WHAT THE EXERCISE ASKS → Output the entries exactly. Start at the first line, finish with the line containing "Challenging Mazes for Kids 8-12", and omit the pictures.

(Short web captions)
◆ ◆ ◆ ◆ ◆
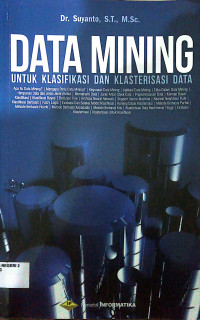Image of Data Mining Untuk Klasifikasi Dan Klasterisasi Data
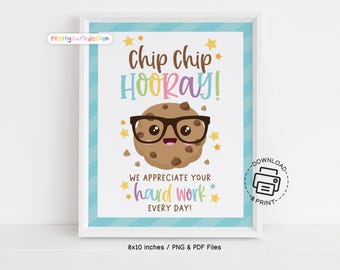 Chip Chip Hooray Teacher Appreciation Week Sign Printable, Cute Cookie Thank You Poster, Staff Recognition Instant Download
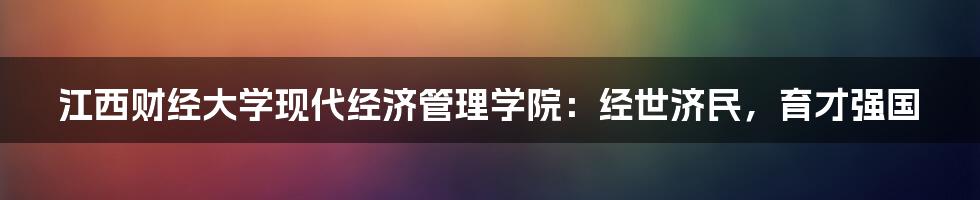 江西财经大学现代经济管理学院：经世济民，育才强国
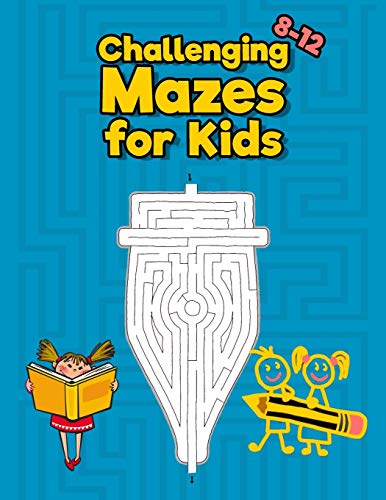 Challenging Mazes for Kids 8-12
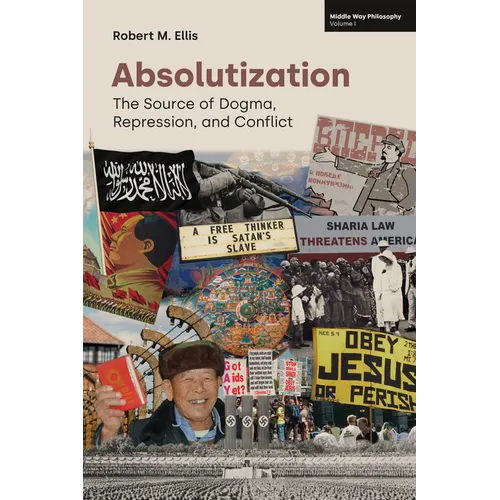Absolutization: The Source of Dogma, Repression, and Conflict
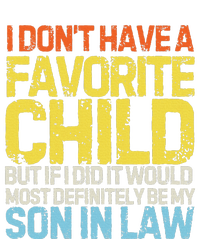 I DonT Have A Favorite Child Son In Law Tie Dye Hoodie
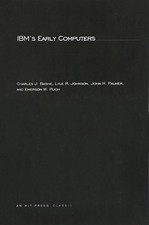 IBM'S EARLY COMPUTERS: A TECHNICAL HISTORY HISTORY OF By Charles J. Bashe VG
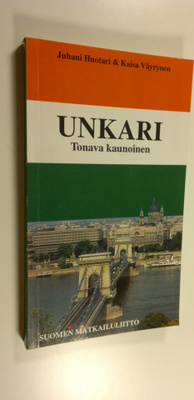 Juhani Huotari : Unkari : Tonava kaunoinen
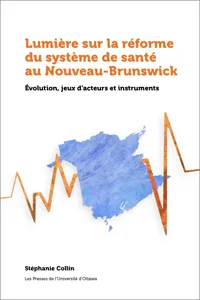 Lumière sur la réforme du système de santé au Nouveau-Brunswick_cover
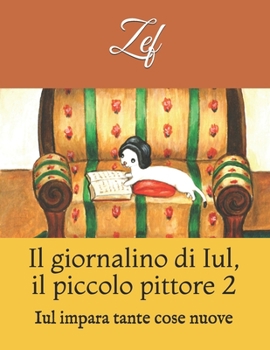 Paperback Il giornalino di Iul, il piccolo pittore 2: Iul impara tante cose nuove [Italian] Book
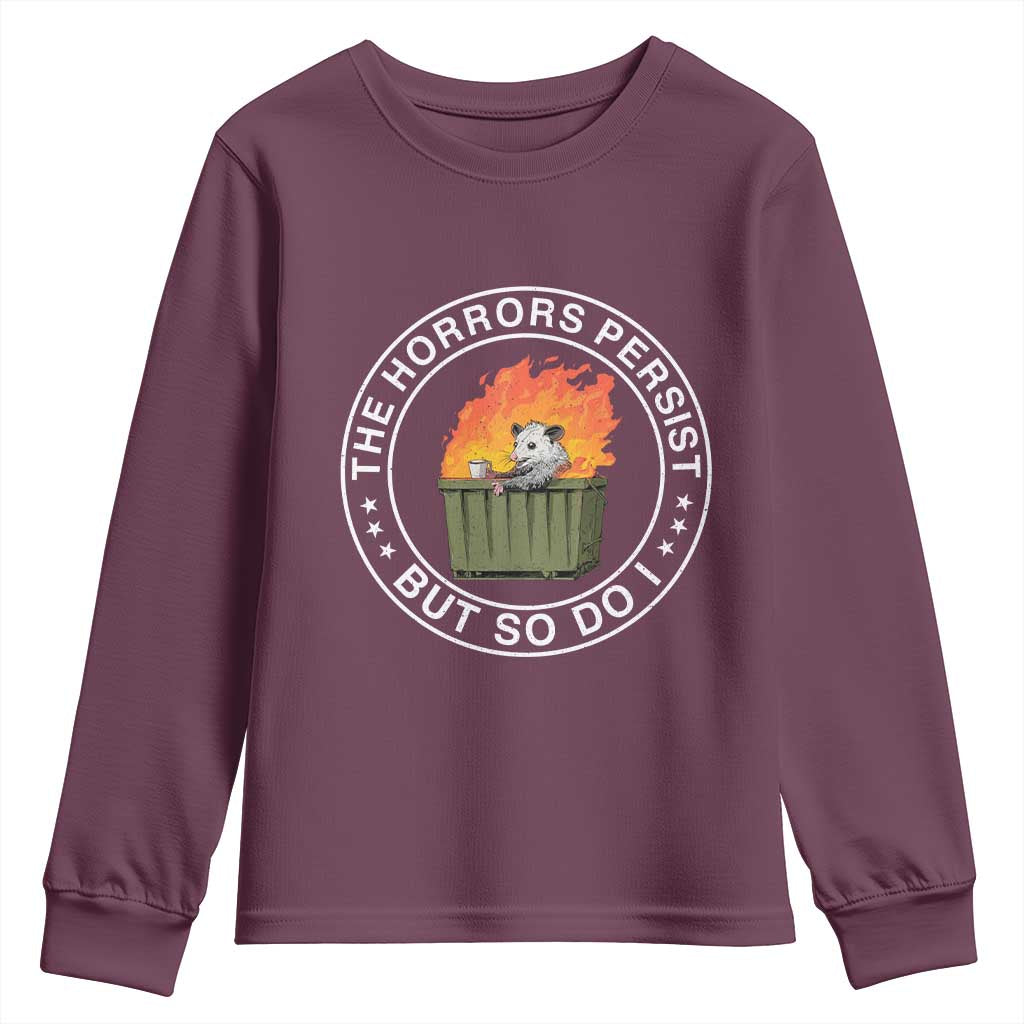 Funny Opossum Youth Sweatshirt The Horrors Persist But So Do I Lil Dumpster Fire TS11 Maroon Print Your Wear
◆ ◆ ◆ ◆ ◆
OUTPUT FOR THIS EXERCISE →
Image of Data Mining Untuk Klasifikasi Dan Klasterisasi Data
 Chip Chip Hooray Teacher Appreciation Week Sign Printable, Cute Cookie Thank You Poster, Staff Recognition Instant Download
 江西财经大学现代经济管理学院：经世济民，育才强国
 Challenging Mazes for Kids 8-12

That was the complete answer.